Considering GPU is much faster than CPU for linear algebra operations, it is essential to support the training of deep learning models (which involves a lot of linear algebra operations) on GPU cards. SINGA now supports training on a single node (i.e., process) with multiple GPU cards. Training in a GPU cluster with multiple nodes is under development.

Instructions

Compilation

To enable the training on GPU, you need to compile SINGA with CUDA from Nvidia,

./configure --enable-cuda --with-cuda=<path to cuda folder>

In addition, if you want to use the CUDNN library for convolutional neural network provided by Nvidia, you need to enable CUDNN,

./configure --enable-cuda --with-cuda=<path to cuda folder> --enable-cudnn --with-cudnn=<path to cudnn folder>

SINGA now supports CUDNN V3.0.

Configuration

The job configuration for GPU training is similar to that for training on CPU. There is one more field to configure, gpu, which indicate the device ID of the GPU you want to use. The simplest configuration is

# job.conf
...
gpu: 0
...

This configuration will run the worker on GPU 0. If you want to launch multiple workers, each on a separate GPU, you can configure it as

# job.conf
...
gpu: 0
gpu: 2
...
cluster {
  nworkers_per_group: 2
  nworkers_per_process: 2
}

Using the above configuration, SINGA would partition each mini-batch evenly onto two workers which run on GPU 0 and GPU 2 respectively. For more information on running multiple workers in a single node, please refer to Training Framework. Please be careful to configure the same number of workers and number of gpus. Otherwise some workers would run on GPU and the rest would run on CPU. This kind of hybrid training is not well supported for now.

For some layers, their implementation is transparent to GPU/CPU, like the InnerProductLayer GRULayer, ReLULayer, etc. Hence, you can use the same configuration for these layers to run on GPU or CPU. For other layers, especially the layers involved in ConvNet, SINGA uses different implementations for GPU and CPU. Particularly, the GPU version is implemented using CUDNN library. To train a ConvNet on GPU, you configure the layers as

layer {
  type: kCudnnConv
  ...
}
layer {
  type: kCudnnPool
  ...
}

The cifar10 example and Alexnet example have complete configurations for ConvNet.

Implementation details

SINGA implements the GPU training by assigning each worker a GPU device at the beginning of training (by the Driver class). Then the work can call GPU functions and run them on the assigned GPU. GPU is typically used for linear algebra computation in layer functions, because GPU is good at such computation. There is a Context singleton, which stores the handles and random generators for each device. The layer code should detect its running device and then call the CPU or GPU functions correspondingly.

To make the layer implementation easier SINGA provides some linear algebra functions (in math_blob.h), which are transparent to the running device for users. Internally, they query the Context singleton to get the device information and call CPU or GPU to do the computation. Consequently, users can implement layers without awareness of the underlying running device.

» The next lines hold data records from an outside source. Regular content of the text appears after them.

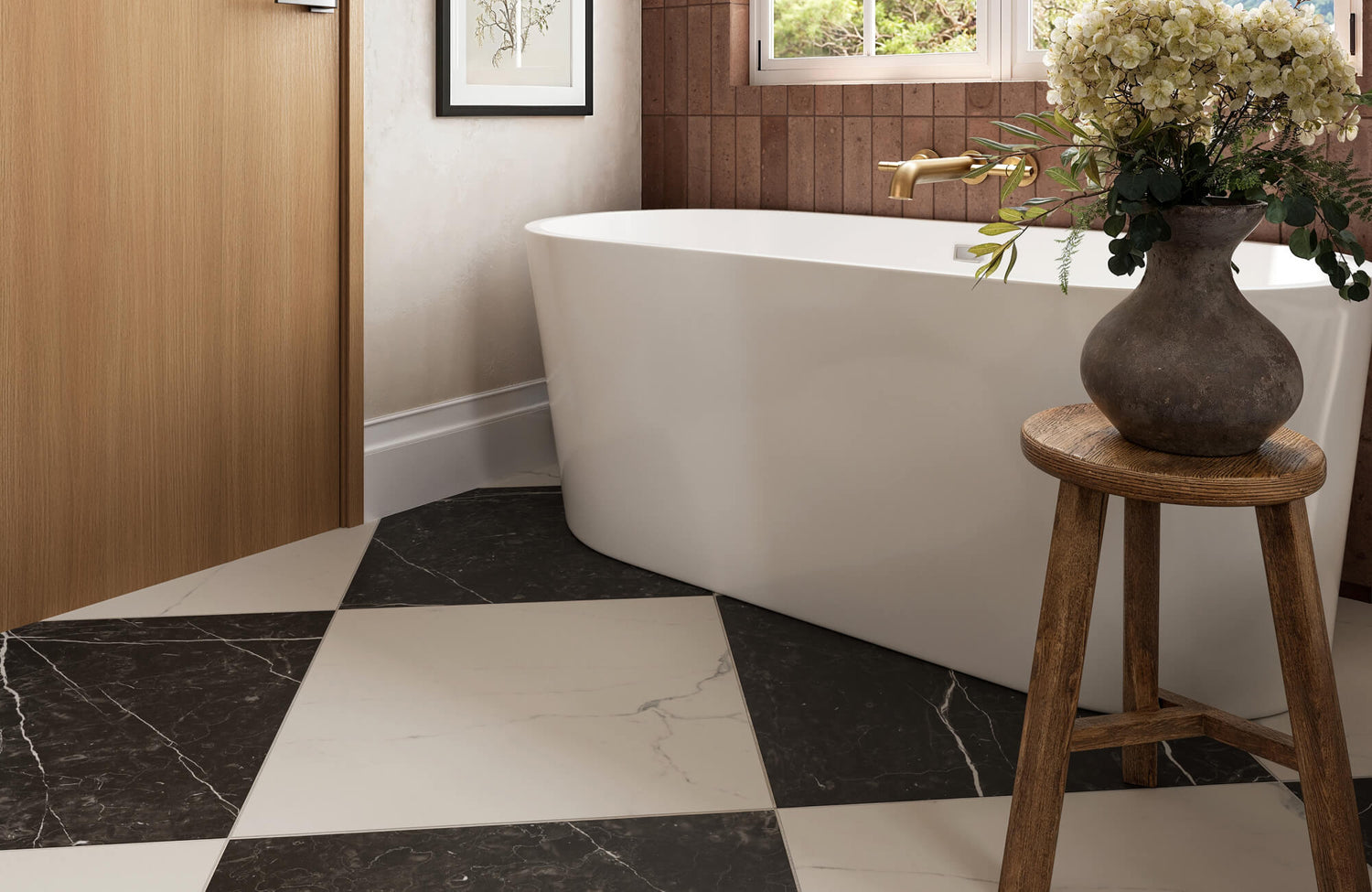 Elegant bathroom with classic black and white checkerboard tile, freestanding tub, and rustic wooden stool with floral vase.
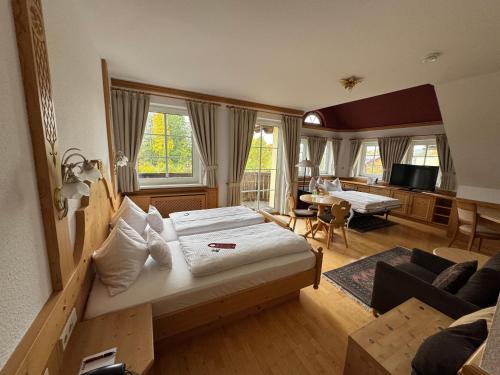 Postel nebo postele na pokoji v ubytování Hotel Wiesend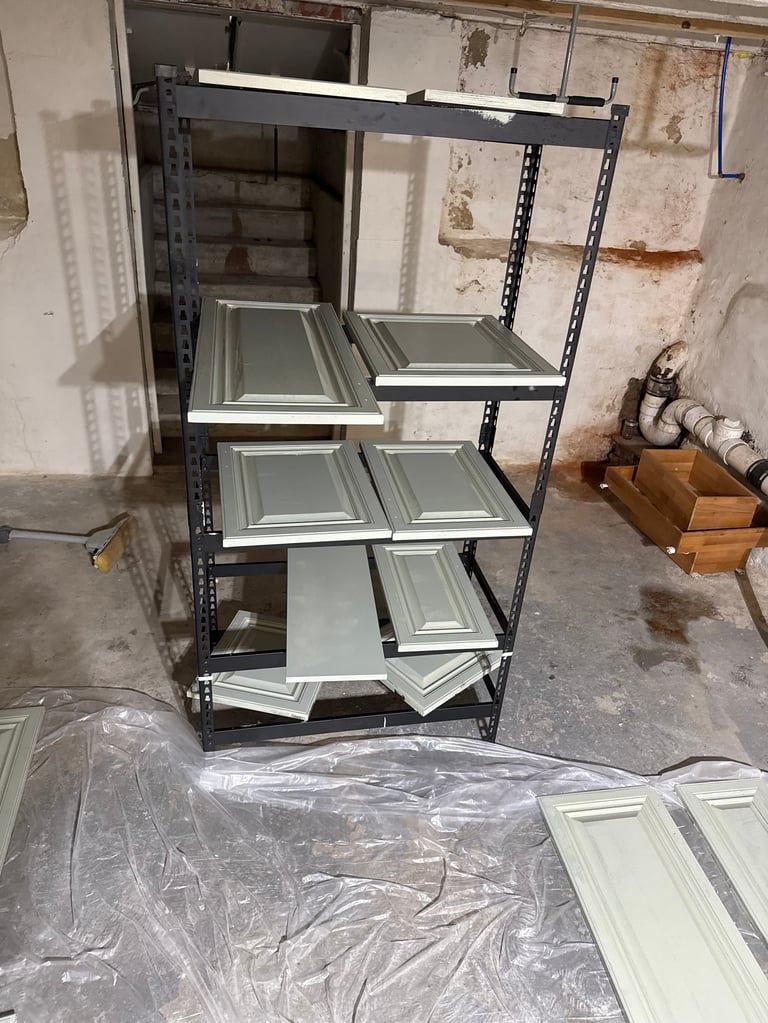 Metal shelving unit with multiple shelves holding white cabinet doors and frames in an industrial basement or workshop setting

If the functionality cannot be implemented using SINGA provided functions in math_blob.h, the layer code needs to handle the CPU and GPU devices explicitly by querying the Context singleton. For layers that cannot run on GPU, e.g., input/output layers and connection layers which have little computation but much IO or network workload, there is no need to consider the GPU device. When these layers are configured in a neural net, they will run on CPU (since they don’t call GPU functions).